EXERCISE OBJECTIVE.
Copy out each line below that has the word "Covers" in it.

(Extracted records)
>>>>
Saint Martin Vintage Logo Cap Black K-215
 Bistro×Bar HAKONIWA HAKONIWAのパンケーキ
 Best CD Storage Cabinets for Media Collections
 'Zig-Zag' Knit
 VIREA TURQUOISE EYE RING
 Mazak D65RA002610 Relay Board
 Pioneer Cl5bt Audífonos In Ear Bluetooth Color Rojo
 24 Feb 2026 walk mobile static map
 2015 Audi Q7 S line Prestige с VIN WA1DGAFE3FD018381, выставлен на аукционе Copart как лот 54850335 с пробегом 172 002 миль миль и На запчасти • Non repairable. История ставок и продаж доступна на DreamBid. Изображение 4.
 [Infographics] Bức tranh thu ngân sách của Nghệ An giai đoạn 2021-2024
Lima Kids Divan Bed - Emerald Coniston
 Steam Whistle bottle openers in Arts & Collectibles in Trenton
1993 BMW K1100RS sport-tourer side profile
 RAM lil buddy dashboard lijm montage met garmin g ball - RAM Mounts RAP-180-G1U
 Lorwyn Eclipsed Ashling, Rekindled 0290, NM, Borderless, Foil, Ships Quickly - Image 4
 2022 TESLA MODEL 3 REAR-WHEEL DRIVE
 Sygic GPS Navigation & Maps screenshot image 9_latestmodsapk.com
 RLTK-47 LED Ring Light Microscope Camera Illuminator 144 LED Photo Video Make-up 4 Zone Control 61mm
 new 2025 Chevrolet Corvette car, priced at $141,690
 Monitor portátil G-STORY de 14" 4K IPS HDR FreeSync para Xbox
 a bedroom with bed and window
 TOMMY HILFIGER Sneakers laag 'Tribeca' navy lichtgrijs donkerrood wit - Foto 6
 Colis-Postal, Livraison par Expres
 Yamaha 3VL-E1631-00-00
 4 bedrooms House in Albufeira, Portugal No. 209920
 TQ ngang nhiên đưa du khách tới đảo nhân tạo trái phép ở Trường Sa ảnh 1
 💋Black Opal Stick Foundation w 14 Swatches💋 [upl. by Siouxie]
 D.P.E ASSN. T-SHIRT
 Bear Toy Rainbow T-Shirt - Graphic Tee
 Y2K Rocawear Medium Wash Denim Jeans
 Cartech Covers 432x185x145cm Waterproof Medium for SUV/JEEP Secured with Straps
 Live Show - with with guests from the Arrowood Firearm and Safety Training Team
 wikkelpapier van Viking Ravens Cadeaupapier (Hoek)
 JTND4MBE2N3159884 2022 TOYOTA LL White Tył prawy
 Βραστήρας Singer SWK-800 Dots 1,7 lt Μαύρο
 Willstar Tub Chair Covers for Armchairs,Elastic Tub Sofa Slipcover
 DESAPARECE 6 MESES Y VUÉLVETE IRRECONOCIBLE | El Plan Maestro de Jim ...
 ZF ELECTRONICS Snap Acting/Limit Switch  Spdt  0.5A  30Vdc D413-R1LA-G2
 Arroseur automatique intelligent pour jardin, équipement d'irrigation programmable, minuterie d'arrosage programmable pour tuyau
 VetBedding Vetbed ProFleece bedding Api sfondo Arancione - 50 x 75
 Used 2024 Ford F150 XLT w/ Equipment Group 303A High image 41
<<<<
ANSWER FOR THE TASK.
 Cartech Covers 432x185x145cm Waterproof Medium for SUV/JEEP Secured with Straps
 Willstar Tub Chair Covers for Armchairs,Elastic Tub Sofa Slipcover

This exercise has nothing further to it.